Chairil Anwar lahir dari keluarga yang cukup berada. Sang ayah memiliki jabatan sebagai Bupati saat kemerdekaan sementara sang ibu masih merupakan kerabat Sutan Sjahrir.
Keduanya sangat memanjakan anak-anaknya, terutama Ninik, panggilan kesayangan bagi Chairil. Hal tersebut membuatnya menjadi anak yang keras kepala dan tak mengenal batas, tapi juga cerdas dan memiliki pergaulan luas.
Sang ayah, Toeloes bin Manan, merupakan sosok yang memiliki pandangan luas. Anak-anaknya harus sekolah tanpa pandang bulu. Urusan seni juga mendapat perhatian. Sang kakak, Siti Chairani, lebih condong pada bidang musik, sementara Chairil menjadi penyair.
Kesukaan Chairil cilik akan membaca buku dan menonton film di bioskop membuatnya memiliki wawasan literasi yang mengungguli teman-temannya.
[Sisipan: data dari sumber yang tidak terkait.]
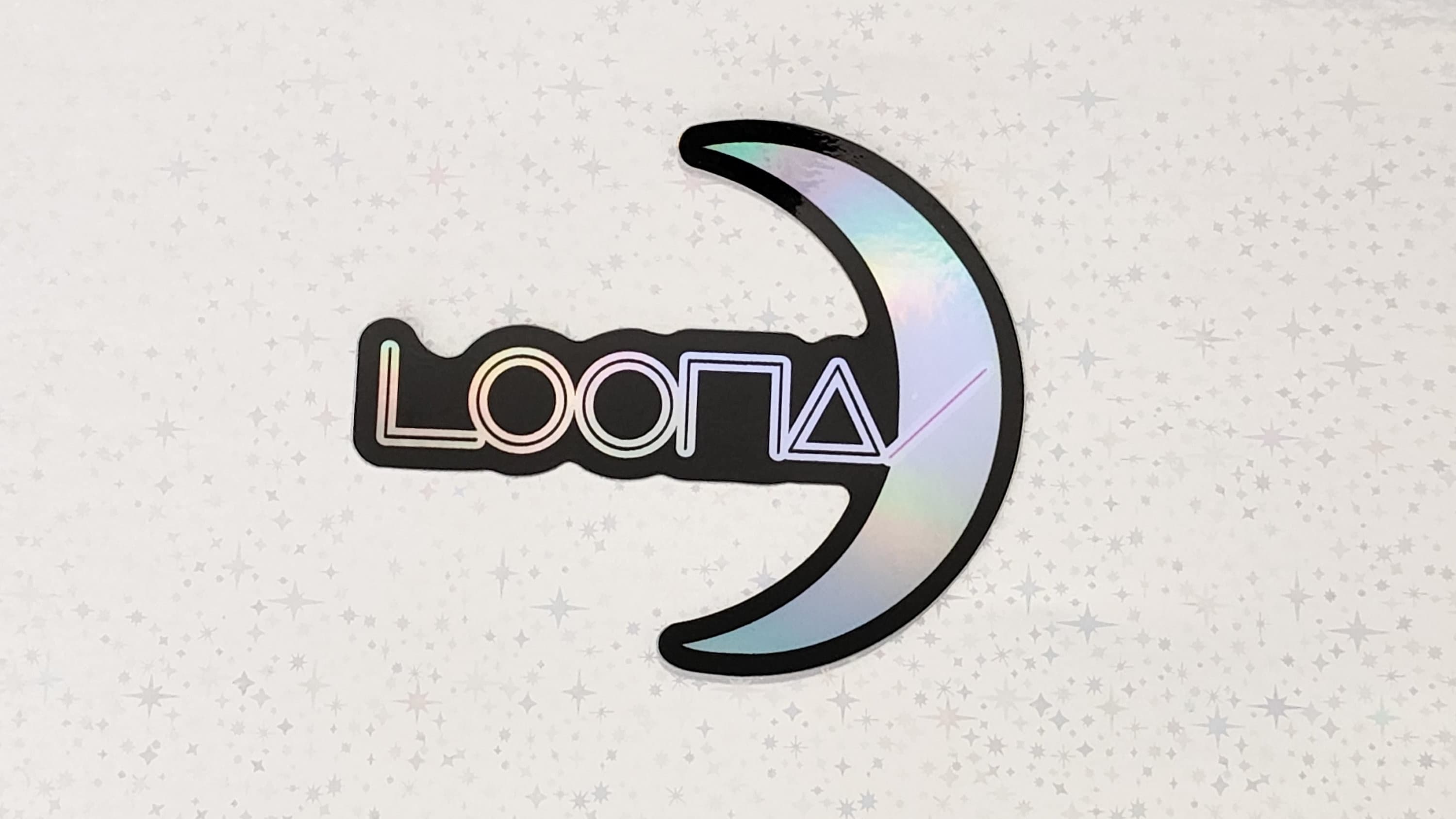 LOONA Holographic Sticker / Kpop Decal / Kpop Sticker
Segala macam buku dibacanya. Tema sastra, sejarah, dan ekonomi ludes dibacanya.
Bahkan kadang ia mengambil kursi atau meja untuk membaca koran yang ditempel menutupi dinding rumah bagian atas yang bolong atau rusak. Kegemarannya membaca kadang tanpa mempertimbangkan banyak hal. Tak terpikir oleh Chairil kecil bagaimana nasibnya jika ia sampai jatuh saat itu.
Demikian juga soal menonton film. Chairil selalu berusaha mendapat kursi yang terbaik setiap kali ada film yang menarik hatinya. Entah bagaimana caranya, orang tua mendapatkan uang untuk memenuhi hobinya itu.
Sebagaimana anak laki-laki seusianya, Chairil juga wajib pergi mengaji.
Setiap kali sang guru menyuruhnya mengumandangkan adzan ia sering menolak. Hanya azan subuh yang mau ia kumandangkan. Itu juga dengan mengeraskan suara ke arah rumah gadang yang ditinggali neneknya.
Ia ingin membangunkan sang nenek agar memasak nasi setelah sholat, sehingga ia bisa makan nasi panas pulang dari surau.
Kedekatannya dengan sang nenek membuat Chairil cukup terpukul ketika sang nenek berpulang. Ia sempat membuat sebuah puisi pendek berjudul ‘Nenek’. Menurut Toehilwi dalam acara “Alek Puisi Taeh” puisi tersebut ditulis di atas bungkus rokok Cap Tombak.